In message <20050913202040.GK16110@core.center.osis.gov>, Joseph S D Yao writes :
On Tue, Sep 13, 2005 at 04:15:29PM -0400, Mike Tancsa wrote:
At 03:50 PM 13/09/2005, Joseph S D Yao wrote:
Oh, and also ... please consider that some firewalls try to discern whether the connection on port 25 is from a mail server or from Telnet. While I mourn the simplicity of manual debugging of such sites, it remains that: the fact that you can't TELNET HOST.DOMAIN 25 doesn't mean that there's no mail service there.

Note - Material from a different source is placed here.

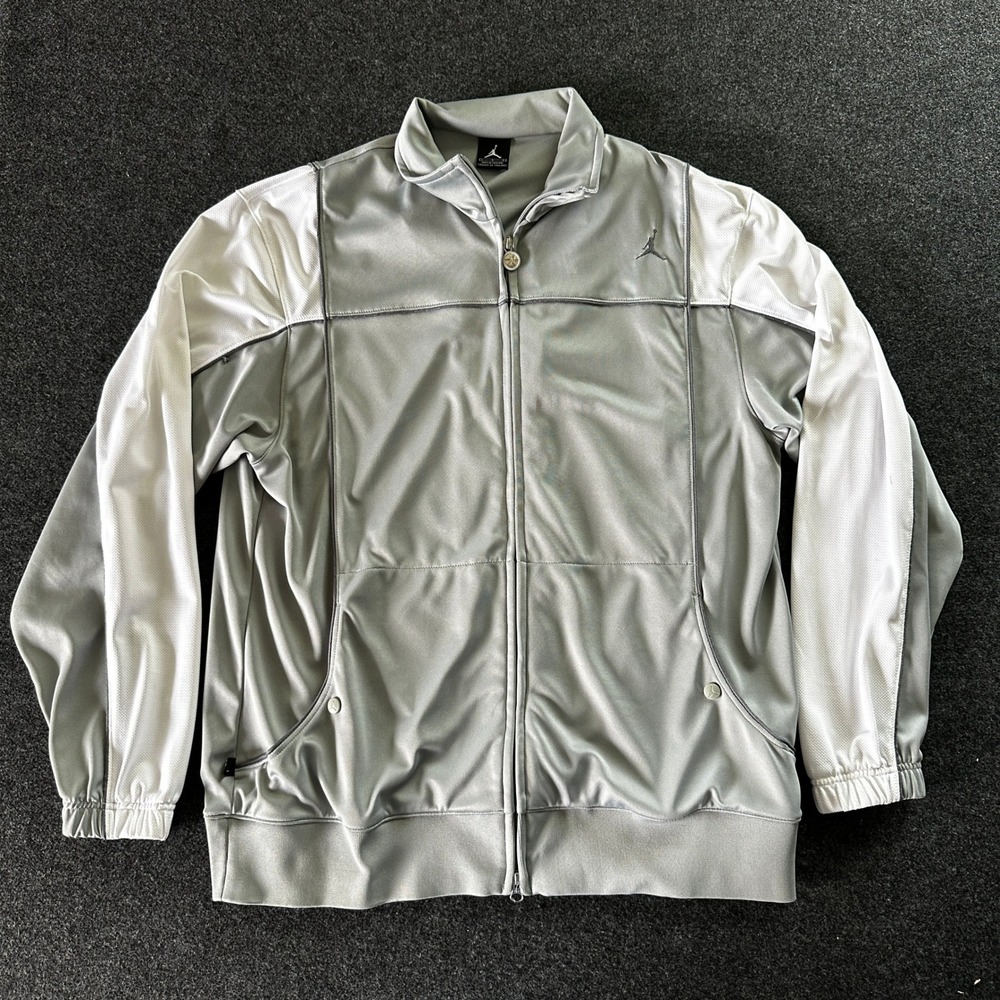 Jordan Mens Full Zip Track Jacket Grey White Mesh Panels Jumpman Size Large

Making a network connection using the application "telnet" vs the application "sendmail" (or whatever MTA one uses) seems to be the same when doing a tcpdump on the data. I am not sure how a firewall would know -- purely at the network layer -- what the other side's application was/is that initiated the connection. Yes, the other end could try and connect back to the host, but there is no 2 way traffic as the 3way handshake is not completing and I dont see any other traffic coming back from that host attempting to discern any info.
I don't know, myself. I said they try. Perhaps they succeed. Perhaps they check the speed of incoming queries. Perhaps they try to use a Telnet OPTION. I don't know. Perhaps it's a sales gag. [I think it was a telnet OPTION, actually.]